Earlier in the week I was talking about jointing which, you'll remember, does not mean "making a joint" but, rather, making a side or edge of a board perfectly flat, usually (but not always) in preparation for joining it to another board. The next step in the process, logically enough I suppose, is actually making a joint.
Having come of age in the late sixties, I have rather fond, pleasantly hazy memories of hanging out in a few joints, and rolling a few joints - but mostly without expert instruction and never with names as colorful as lap, dovetail (through or half-blind), or mortise and tenon, all of which have now been added to my woodworking vocabulary (if not yet my skill set), along with dado, rabbet (sometimes called rebate), fillets and plowing. We will be employing a number of such joints in our next project: building a small bench or stool, which we must also design ourselves. ("A plethora of benches and stools," as Tim said.)
After a brief, fascinating digression into the Fibonacci Series (don't ask), we begin by considering the different ways to join wood - namely with fasteners (like screws or nails), glue, or mechanical joints - and the various merits of each. Our focus is on mechanical joints, which we will make at first using hand tools, and later with the big power tools over on the Dark Side.
In order to make a good mechanical joint, we must learn to fit the pieces snugly enough so that glue (if used) will be able to do its job, or the shape and tightness of the joint itself will hold the pieces together, as in Japanese-style joinery. This necessitates a degree of precision in sawing and chisel work that seems unattainable by the average human. Nevertheless, in very little time, Jim demonstrates accurate marking - with a sharp knife, a marking gauge and pencil - and saws right to the line, leaving only a thin shaving or two to remove by using the plane on edge on the shooting board. We practice with our dovetail saws as well as the Japanese ones until we can make an accurate, straight cut. Did I mention that Japanese style saws cut on the pull stroke while western ones cut on the push? (Jim says this is because westerners are so pushy.)
Tim takes over the demonstration of the full lap joint, which is used to join two boards intersecting on their flat sides usually at right angles to one another. It requires cutting notches in each board that are exactly the depth of half the thickness of the corresponding board and just wide enough to allow the corresponding slot to fit into the corresponding slot without enough space left over to stick a piece of paper in between. The sides of the notch can be cut using the precision sawing technique we have just observed. But the bottom must be done with a chisel and made as smooth and true as the face of the notch that will nestle against it. Ridiculous.
Here is Tim chiseling out the center of the first notch.
And making the cut more precise.
And doing the final paring with the chisel.
At my own workbench I spend an inordinate amount of time sawing and chiseling and chiseling some more.
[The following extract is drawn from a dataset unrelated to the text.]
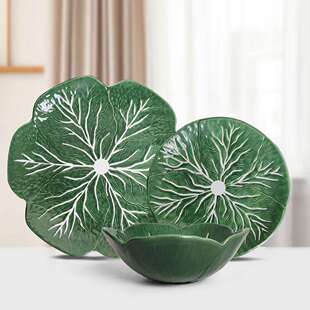 【2025亚马逊爆品餐具】绿色卷心菜碗复古法式手绘碗盘家用水果盘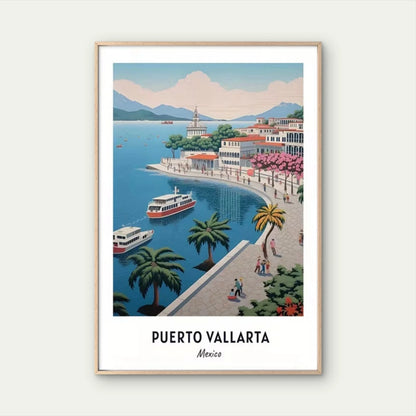 Puerto Vallarta Mexico Vertical Latin America Travel Poster Print Wall Art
While I am definitely appreciating the micro-bevel on my newly sharpened 3/4-inch chisel, and sort of getting it to behave, I have a lot of trouble avoiding paring away too much wood. Despite my attempts to mimic exactly Jim's and Tim's technique, little bits keep tearing out at the end of the stroke, creating ugly divots where there should be nothing but silky smoothness, and causing me to mutter out loud words that I have valiantly been repressing in here - so far. By the end of the day I have not only not finished the half-lap and full lap joints we have been practicing, I have yet to put a coat of shellac on my winding sticks, or sand and put the second coat of shellac on my straightedge. I think of something Tim mentioned a day or two ago: that we should keep in mind "appropriate accuracy" - that is, be aware of the degree of accuracy that is appropriate to the job - and perhaps this is good enough for where I'm at right now. Still, at this rate, if I were trying to earn a living as a woodworker, I would be starving.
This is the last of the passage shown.